Once my plane touched down at Heathrow after an interesting flight, my soul wished to run into comforting arms of my boyfriend, and my mind wanted to escape back to where I had come from; my country. I was about to start a new life 100’s of miles away from home, and it felt both scary and exciting at the same time.
If you’ve ever re-located, you probably know the feeling; If you haven’t, you can only imagine this roller coaster of contradicting emotions.
I arrived to the UK being familiar with just a few things.
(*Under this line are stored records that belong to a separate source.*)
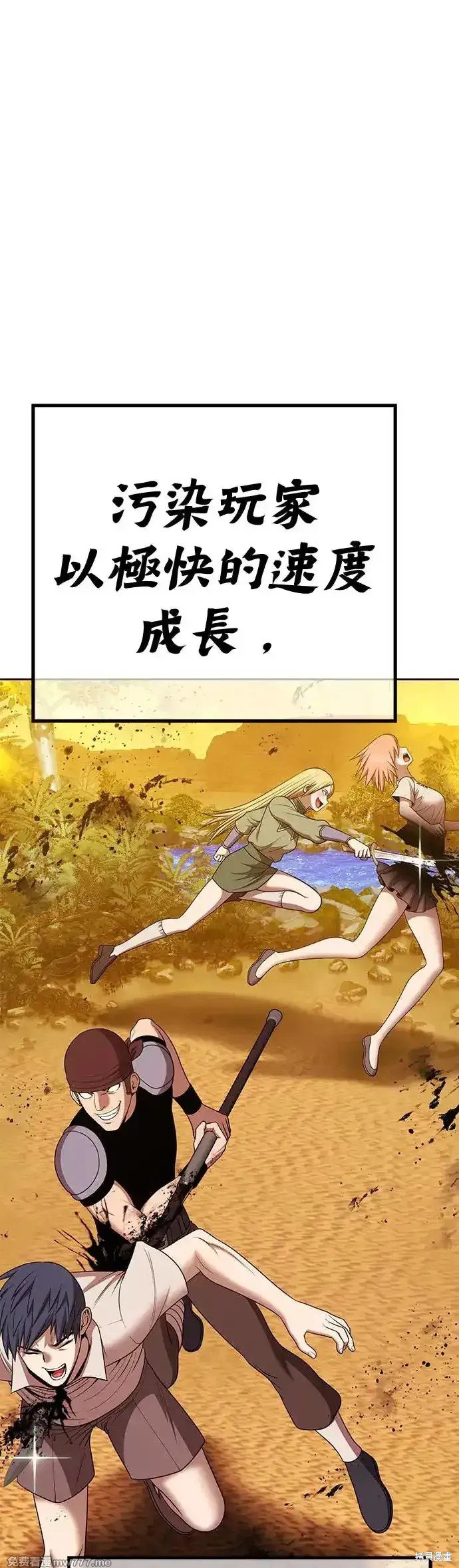 第二季 第13话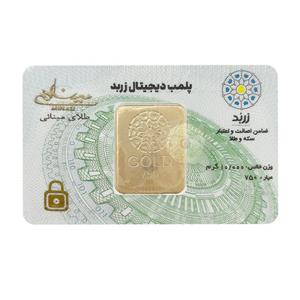 شمش طلا 18 عیار زربد مدل 10000 -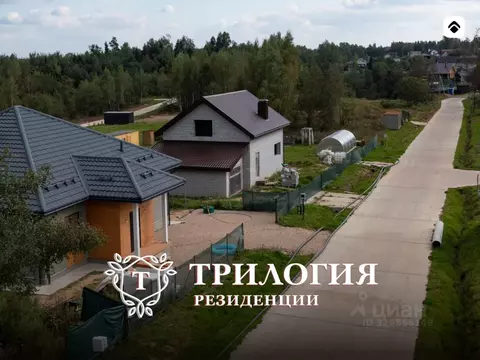 Участок в Московская область, Дмитровский муниципальный округ, ...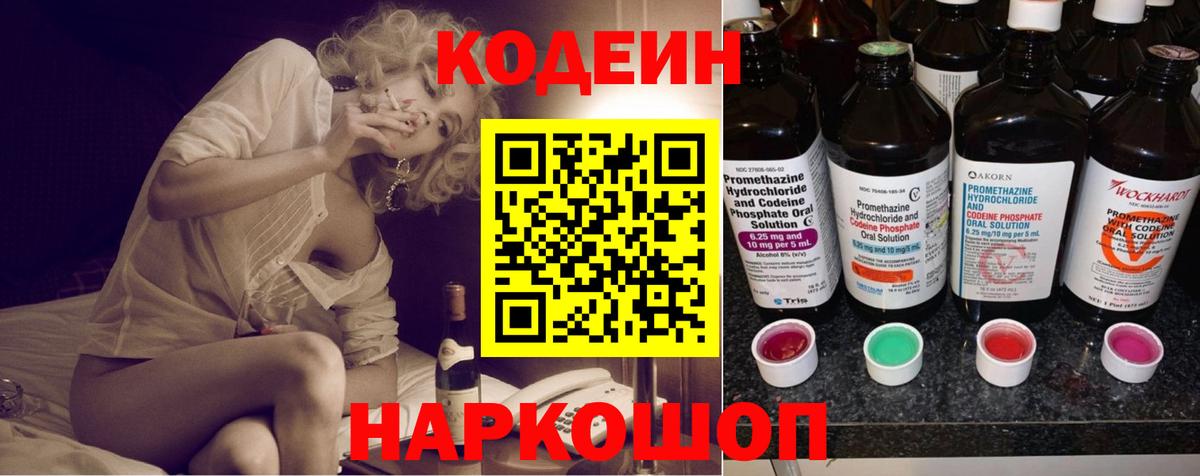 Codein Purple Drank  Кодеин Purple Drank  Ачинск  Вход с VPN 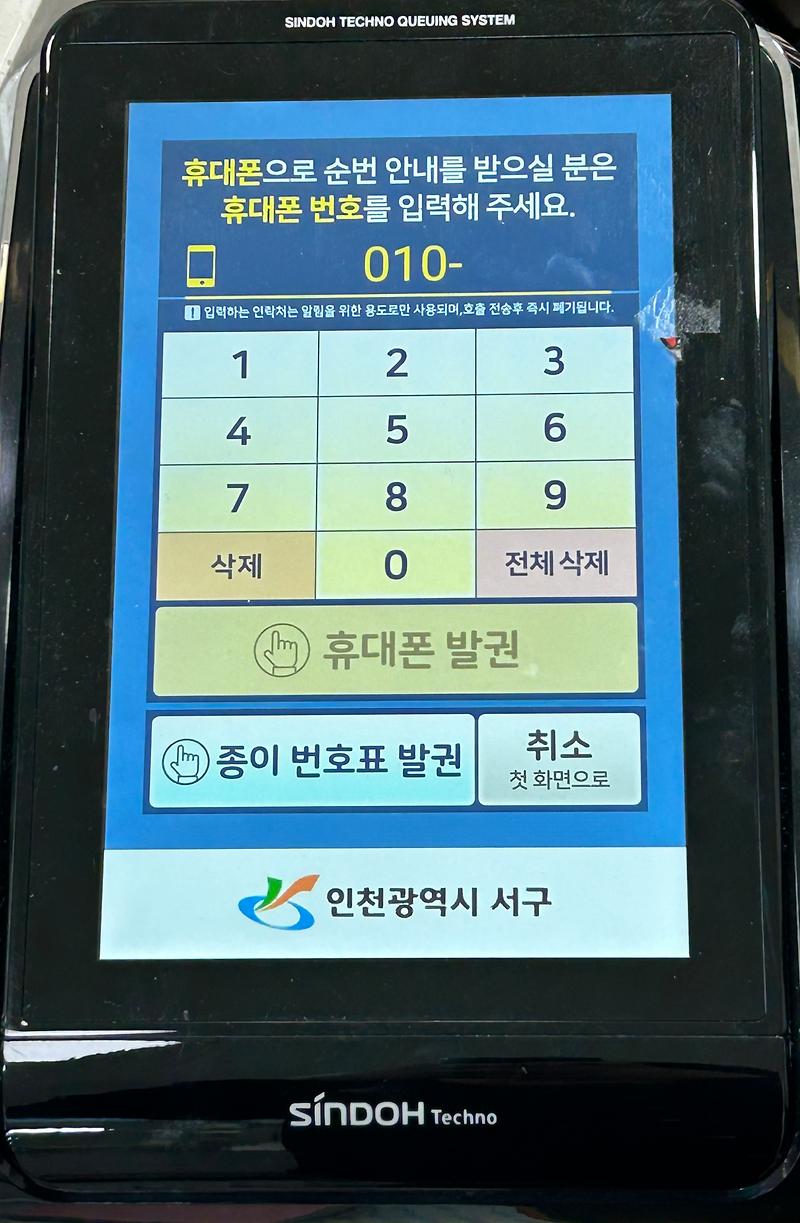 5인천_서구,_‘여권_대기순번_알림톡’_서비스_시행(2).jpg 이미지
Except for my British boyfriend, who I was dating for the last 18 months (yes, the airport felt like my 2nd home!), I knew a little bit about the moody weather, tea with milk, specific sense of humour and a number of stereotypes. My English was more or less communicative (even *tho*, I had no idea what ‘undercrackers’, ‘fugly’ and ‘taking the mickey’ meant), but when it came to the culture I was a total newbie. I felt lost like a child standing in the English fog. I knew that I’d have to face many scary monsters coming out from that fog, that’s why my rational brain went into a ‘fight or flight’ mode.
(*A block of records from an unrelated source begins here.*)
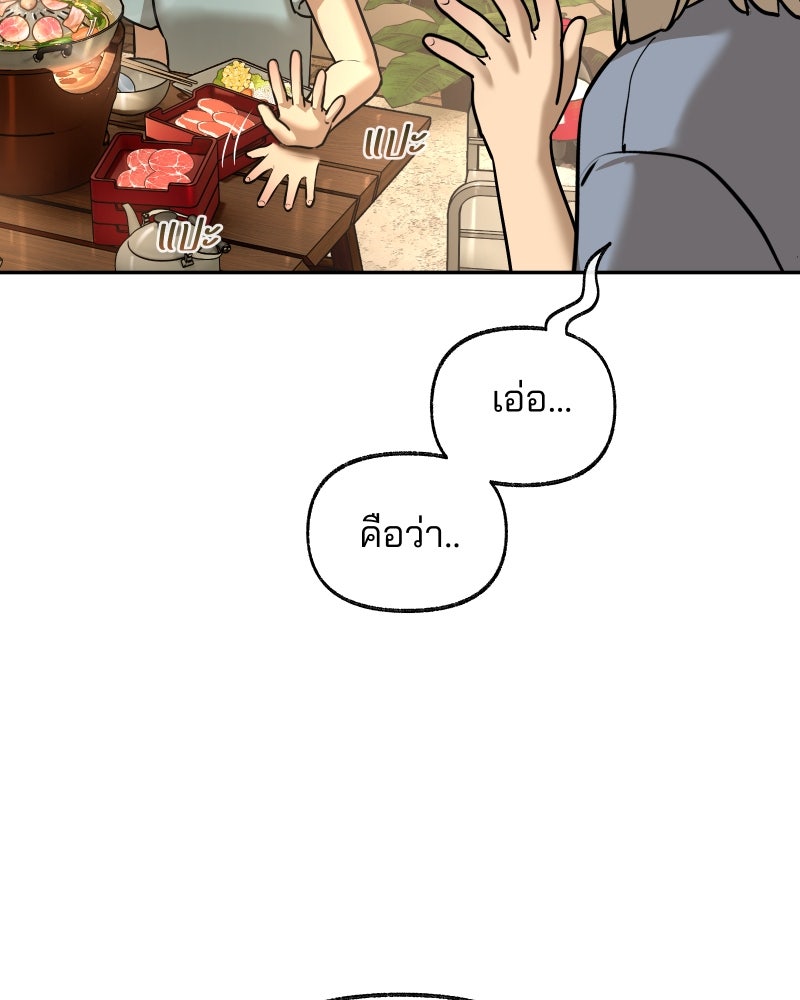 สัญญาในมิถุนา - หน้า 70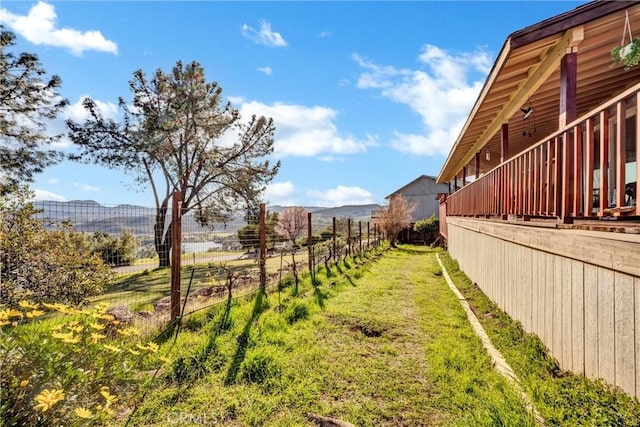 view of yard with fence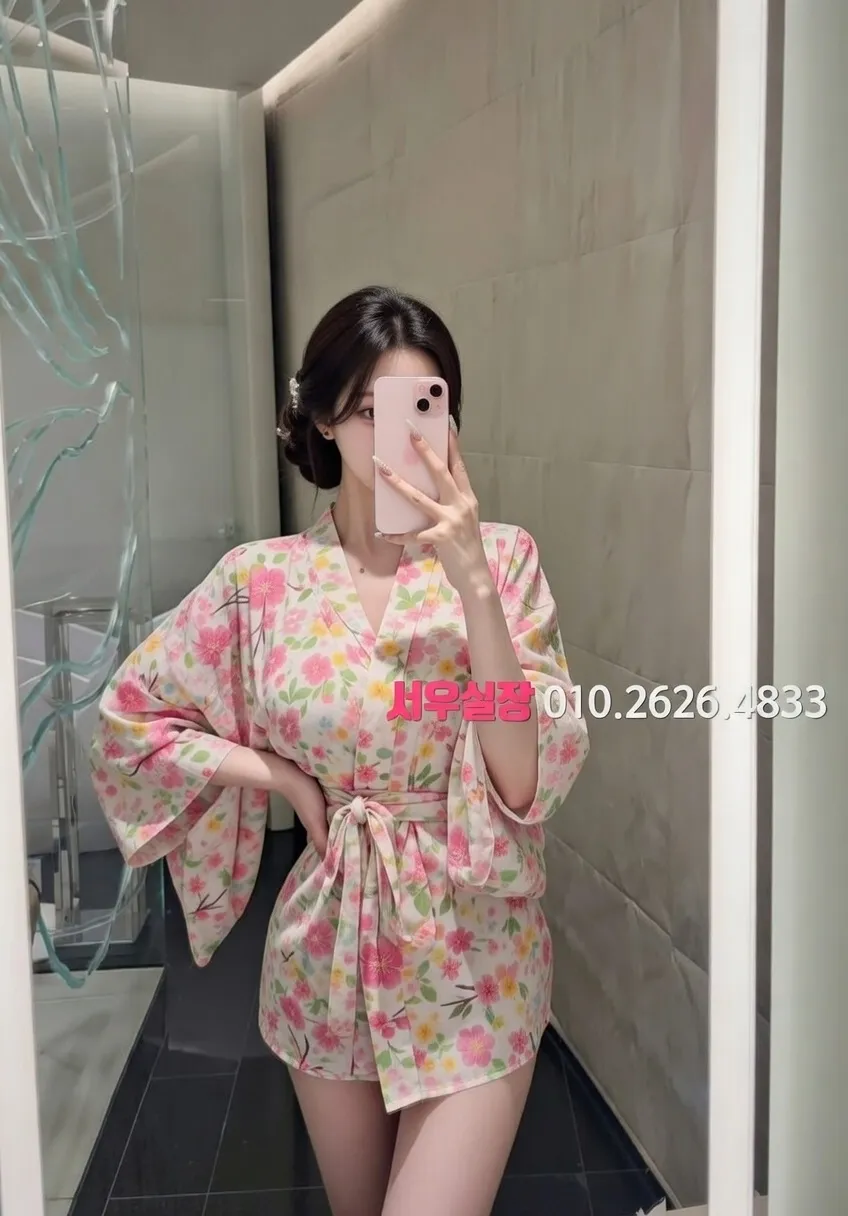 청담 쩜오 프리미엄 라인업 21번 프로필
So here I am, imagine, standing on foreign soil, suspended between two worlds and witnessing the fight between my mind and my heart. ‘I have to greet my boyfriend with a smile, and then meet his family and friends… And understand them all… And make them like me too’… ‘And then I have to make my own friends’… ‘And find a job… That will be interesting, as a phone conversation in English will be a small disaster for me, a visual person’… ‘And this newly rented home… Is it nice and cosy?’ ‘And what about my favourite food?’ And films?’ ‘And books?’ ‘And my loved ones?’ ‘What about my own native language?’‘Won’t I miss my city, together with its apartment, beloved parks and bridges and favourite shops and cafes?’ ‘How about my childhood places and my entire youth with its wild nights, tears, laughter, adventures, loves?’… ‘Wait a second, I’ve just abandoned the WHOLE ME! Haven’t I?!’ ‘Is it all worth it?’ ‘What if…?’ HEEEEELP!!!
All of these questions flooded my my mind and I felt like crying. Then, while queuing to passport control in a long, long line, I realised that there might be lots and lots of people, just like me, who left everything behind in the name of something they believed in. And nobody was sobbing, nobody was running back. Perhaps, they made a conscious decision to face those monsters in the fog and experience something better afterwards?
While my queue was moving forward, and nobody was trying to escape back, I thought to myself: ‘Pull yourself together, girl. Don’t look back. You’re not going that way’. So I did. Then I landed in my boyfriend’s arms with tears in my eyes as my soul was whispering to my brain: ‘That’s right! Good decision, girl. Enjoy! New love, new life. If not now, then when?! You’re strong. You’ve got this’.
Today I know I had, and I strongly believe that you’ve got this too.
BTW: What enjoyable can you find in the NOW?